We then wanted to determine the effect of intratumoral T_reg cells on the cytotoxic activity of activated infiltrating CD8⁺ T cells (Fig. 5B). Using Raji cells as a target, we cocultured activated infiltrating CD8⁺ T cells treated with intratumoral T_reg cells or infiltrating CD4⁺CD25^- T cells at E/T ratios of 5:1, 10:1, and 25:1. We found that activated CD8⁺ T cells showed significant dose-dependent cytolytic activity toward Raji cells. Coculture of activated infiltrating CD8⁺ T cells with intratumoral T_reg cells (n = 3) attenuated the cytotoxic activity against Raji cells (11 ± 6.06% at E/T ratio 25:1) compared with activation-induced CD8⁺ T cells alone (69.8 ± 10.01% at E/T ratio 25:1, P = 0.00183) or with CD4⁺CD25^- cells (27.7 ± 7.9% at E/T ratio 25:1, P = 0.056). In the presence of intratumoral T_reg cells, the CD8⁺ T-cell cytolytic activity was similar to the cytolytic activity seen in unstimulated CD8⁺ T cells.

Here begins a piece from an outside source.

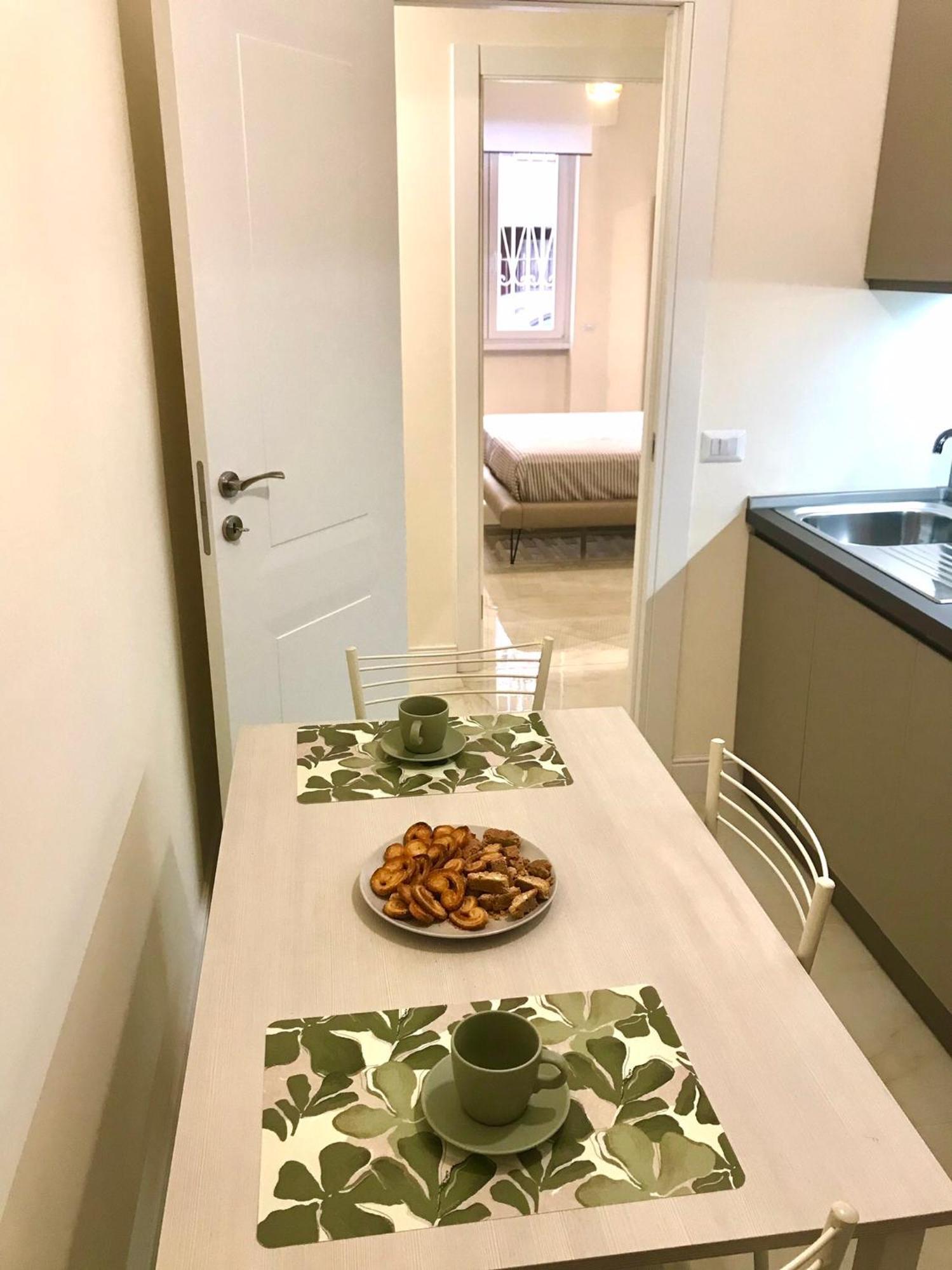 Raphael Maison Apartment Rom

Next, we examined the influence of intratumoral T_reg cell on the cytotoxic activity of infiltrating CD8⁺ T cells toward autologous lymphoma B cells. As shown in Fig. 5C, coculture of infiltrating activated CD8⁺ T cells with intratumoral T_reg cells attenuated the cytotoxic activity against autologous lymphoma B cells (9.6 ± 1.62% at E/T ratio 25:1, n = 6) compared with activation-induced CD8⁺ T cells alone (18 ± 5% at E/T ratio 25:1, P = 0.015). Coculture of infiltrating CD8⁺ T cells with CD4⁺CD25^- T cells had minimal effect of CTL activity compared with activated CD8⁺ T cells alone (18 ± 4.2% at E/T ratio 25:1, P = 0.497). These results indicate that intratumoral T_reg cells strongly suppress the cytotoxic function of infiltrating CD8⁺ T cells and suggest that infiltrating CD8⁺ T cells could successfully destroy autologous lymphoma B cells were it not for the protective suppressive effect of intratumoral T_reg cells present at the site of B-cell NHL.

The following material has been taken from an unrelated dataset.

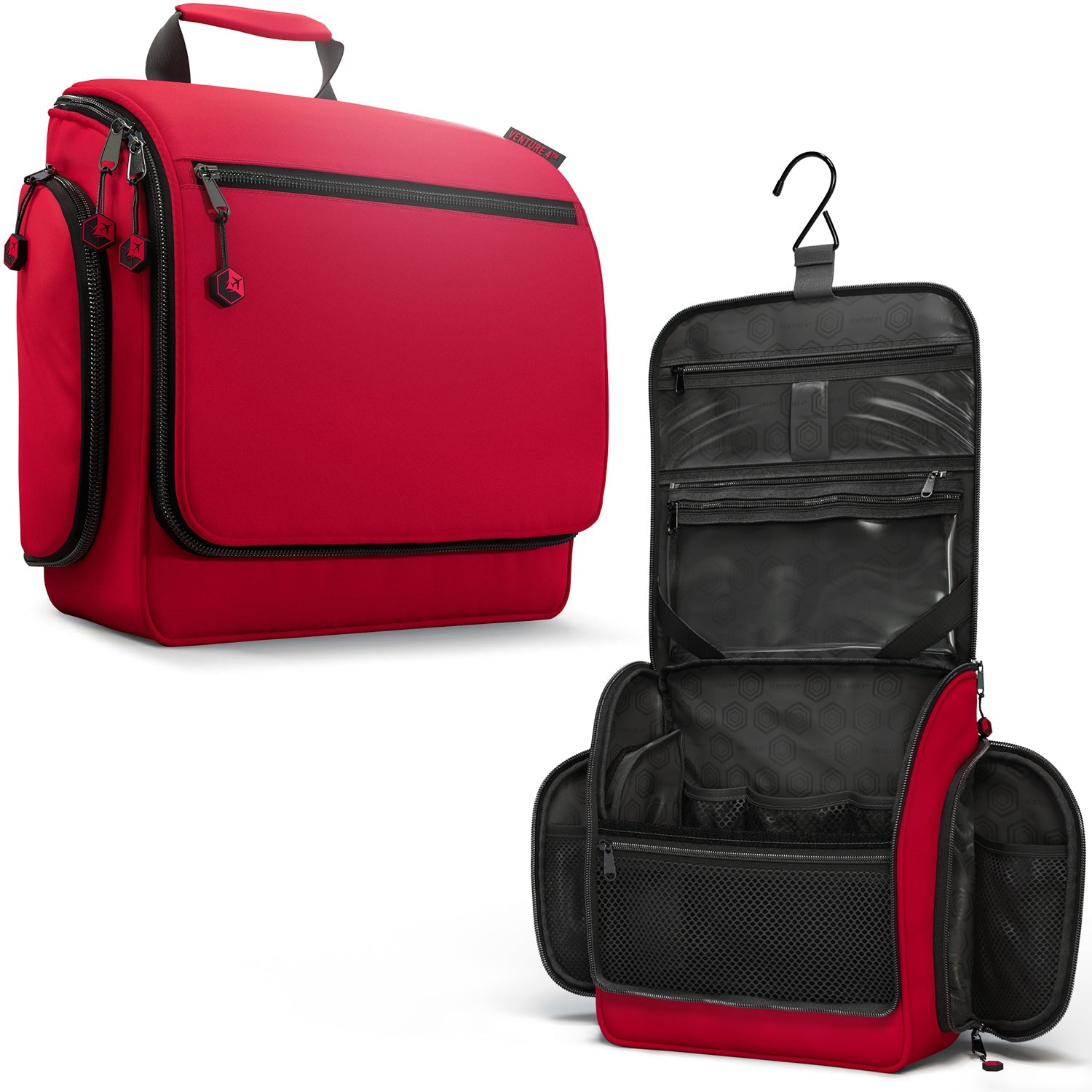 Hanging Travel Toiletry Bag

Increased numbers of intratumoral T_reg cells are associated with decreased infiltrating CD8⁺ T-cell numbers in B-cell NHL

As shown above using an in vitro assay, we observed significant attenuation of infiltrating CD8⁺ T-cell function by intratumoral T_reg cells. Dampening of immune function within the tumor microenvironment may have clinical significance, and measurement of T_reg numbers may provide us with an indirect measure of T_reg activity. Therefore, we measured the percentage of CD8⁺ T cells, the CD8/CD4 ratio, as well as the frequency of intratumoral T_reg cells, CD4⁺CD25⁺, in 22 freshly isolated biopsy specimens from patients with B-cell NHL and examined the relationship between intratumoral T_reg cells and infiltrating CD8⁺ T-cell population as well as the value of CD8/CD4 ratio. We found that there was a strong inverse relationship between the frequency of intratumoral T_reg cells and the percentage of CD8 cells in biopsy specimens (n = 22, R² = 0.4927, P = 0.0006; Fig. 6A). The samples that had a high percentage of intratumoral T_reg cells had a low percentage of infiltrating CD8⁺ T cells. Conversely, the samples that had a low percentage of intratumoral T_reg cells showed a high percentage of infiltrating CD8⁺ T cells. Because the CD8/CD4 ratio has been used as a clinical prognostic index for patients with cancer (32), we also compared the frequency of intratumoral T_reg cells with the CD8/CD4 ratio in our samples (Fig. 6B). Interestingly, a linear inverse relationship could be seen between intratumoral T_reg cells and the CD8/CD4 ratio when the frequency of intratumoral T_reg cells was <15% (n =12, R² = 0.7082, P = 0.0006). However, we found that the CD8/CD4 ratio was uniformly low when the frequency of intratumoral T_reg cells was >15% (n =11, R² = 0.2177, P = 0.148). These findings suggest that increased numbers of T_reg cells in the tumor microenvironment suppress the relative number of CD8⁺ T cells.